Microservices, as defined everywhere, are small, modular and independently deployable service and Docker containers helps to bundle the services and its dependencies e.g. runtime, proxy server, etc. into a single unit which is then run in an isolated environment. In this article, we will go through the implemented solution where we have four microservices having loosely coupled architecture and the front end implemented in Angular 11. This is the basic course management microservices solution on docker containers where users can buy different courses and solutions contains users, courses, course baskets, and user course management APIs, and for now, we are using Docker Compose for running multiple dockers.
Click Download Source On GitHub button to go to the code repository and clone it.
As described in the Introduction, we have the following four APIs:
- User Microservice: This microservice provides User CRUD operations i.e. Load, Add, Update and Delete users. If you follow my learning path tutorial; ASP.NET Web API & Angular 10 Clean Architecture, I described each and every detail of how to implement User Management solution using the CQRS principle, Mediator, Repository, and Unit of Work Design Patterns. The underlying database is a SQL Server and we are using Dapper micro ORM for database operations.
- Course Microservice: This microservice has Course Management CRUD operations and follows the same architecture as User API solutions except we can add, update, delete and load course information that users can purchase.
- Course Basket Microservice: This microservice temporarily stores the user courses in the Redis database that the user adds to his/he basket and willing to purchase.
- Student Course Microservice: Once the user performs the purchased courses action, the user courses move from Redis to RabitMQ queue. This microservice subscribed the RabitMQ queue, receives the user purchased courses and saves them in database.
Communication Between Services
Since the Student Course microservice needs to communicate to User and Course microservices, one way is to call these services manually but that certainly creates the coupling among the services. The other solution is a publisher-subscriber pattern, where one service publishes the data to some queue, and all services who subscribed to that queue being notified of the data arrival to consume it the way it is configured. The RabbitMQ package is a famous message broker that we are using in this solution.

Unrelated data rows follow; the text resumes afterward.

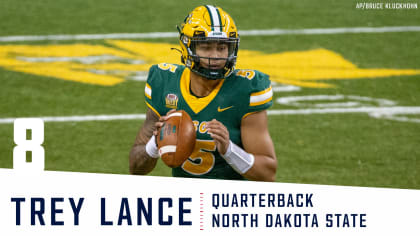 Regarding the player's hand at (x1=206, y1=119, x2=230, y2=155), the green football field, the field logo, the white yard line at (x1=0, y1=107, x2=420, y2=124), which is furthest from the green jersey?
the field logo

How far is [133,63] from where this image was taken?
11031 millimetres

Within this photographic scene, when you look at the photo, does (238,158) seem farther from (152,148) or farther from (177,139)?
(152,148)

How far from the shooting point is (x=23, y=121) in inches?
336

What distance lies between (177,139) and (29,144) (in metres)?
4.08

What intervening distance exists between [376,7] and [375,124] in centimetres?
548

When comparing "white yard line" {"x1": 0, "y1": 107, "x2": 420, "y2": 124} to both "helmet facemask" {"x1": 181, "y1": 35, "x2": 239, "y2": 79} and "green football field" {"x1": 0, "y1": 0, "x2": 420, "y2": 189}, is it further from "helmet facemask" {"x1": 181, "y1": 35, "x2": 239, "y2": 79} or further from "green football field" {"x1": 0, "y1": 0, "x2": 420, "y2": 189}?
"helmet facemask" {"x1": 181, "y1": 35, "x2": 239, "y2": 79}

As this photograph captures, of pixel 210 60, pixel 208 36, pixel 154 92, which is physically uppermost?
pixel 208 36

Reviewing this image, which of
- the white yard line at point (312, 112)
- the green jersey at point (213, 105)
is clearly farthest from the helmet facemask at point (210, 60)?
the white yard line at point (312, 112)

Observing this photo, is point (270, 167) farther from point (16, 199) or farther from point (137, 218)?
point (16, 199)

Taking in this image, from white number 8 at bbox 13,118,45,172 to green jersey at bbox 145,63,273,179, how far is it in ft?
7.93

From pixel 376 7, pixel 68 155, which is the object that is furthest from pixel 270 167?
pixel 376 7

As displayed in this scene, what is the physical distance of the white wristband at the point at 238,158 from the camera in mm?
4516

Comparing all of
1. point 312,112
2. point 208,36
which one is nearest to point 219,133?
point 208,36

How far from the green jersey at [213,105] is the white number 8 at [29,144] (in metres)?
2.42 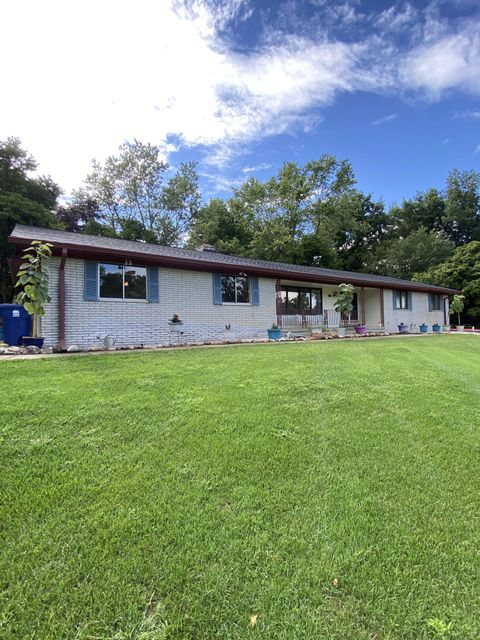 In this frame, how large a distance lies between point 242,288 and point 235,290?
1.08 feet

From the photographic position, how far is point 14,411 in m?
3.51

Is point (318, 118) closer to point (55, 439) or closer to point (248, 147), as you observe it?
point (248, 147)

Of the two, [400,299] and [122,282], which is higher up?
[400,299]

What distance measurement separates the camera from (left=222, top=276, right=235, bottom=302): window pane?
12172mm

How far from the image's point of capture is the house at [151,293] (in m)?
9.04

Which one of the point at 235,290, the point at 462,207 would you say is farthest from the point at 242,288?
the point at 462,207

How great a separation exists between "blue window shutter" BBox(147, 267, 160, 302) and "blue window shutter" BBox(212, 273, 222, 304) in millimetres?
2088

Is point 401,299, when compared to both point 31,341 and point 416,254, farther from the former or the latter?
point 31,341

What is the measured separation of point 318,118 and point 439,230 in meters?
25.9

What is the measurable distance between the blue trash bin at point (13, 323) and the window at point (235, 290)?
606 cm

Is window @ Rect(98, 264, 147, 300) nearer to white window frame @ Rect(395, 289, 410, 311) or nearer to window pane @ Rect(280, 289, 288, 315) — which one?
window pane @ Rect(280, 289, 288, 315)

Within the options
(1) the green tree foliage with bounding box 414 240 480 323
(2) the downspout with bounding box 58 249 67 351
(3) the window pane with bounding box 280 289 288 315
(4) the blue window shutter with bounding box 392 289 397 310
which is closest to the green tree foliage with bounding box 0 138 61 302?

API Gateway provides the one-stop-shop for all microservices, instead of directly calling the microservices, we can configure the downstream and upstream APIs in configuration file e.g. using the Ocelot API Gateway package. There are a lot of benefits of API Gateway e.g. keep the microservices private and only expose API Gateway, implement authentication logic at API Gateway only instead of replicating it in each microservice, caching, handling throttling, etc.
In-memory Data Store
For the Course Management solution, we are storing the checked-out course in an in-memory data source using the Redis package which is a fast, reliable, and scalable solution to store the temporary data.
Front End Application
For Course Management applications, the front-end is implemented in Angular 11 where we are invoking all APIs through API Gateway, there is a User and Course Management page along with a Course checkout and buy course page. Since this is not an Angular course, you won’t see a lot of great architecture or design implemented. Read Angular-related articles here.
All projects are on Docker containers using their corresponding docker images e.g. ASP.NET Core Runtime, Node, Redis and RabbitMQ.
Let’s Understand Course Management Solution
Now that we understand the high-level architecture and business level of solution, let’s briefly understand the projects in solutions. Clone the StudentCourseManagment solution from Github.
User & Course Management
User and Course projects are straightforward projects to add, update, delete and load the users and courses. There are two projects folders db and src where db contains the database creation script and docker file. The src folder contains the four projects:
- User & Course API: Contains the APIs that interacts with the Application projects containing business logic through mediator.
- Application: The Application projects implements the CQRS principles i.e. query to load the data and commands for rest of operation.
- Domain: Contains the entity classes, repositories and unit of work interfaces.
- Persistence: Contains the reposity and unit of work impletation to perform database operations.
I wrote very detailed articles to explain the clean architecture implemented in User and Course Management projects. Clone the repository and find the learning path here.
Browse http://localhost/swagger after compiling and running the solution to test the User APIs.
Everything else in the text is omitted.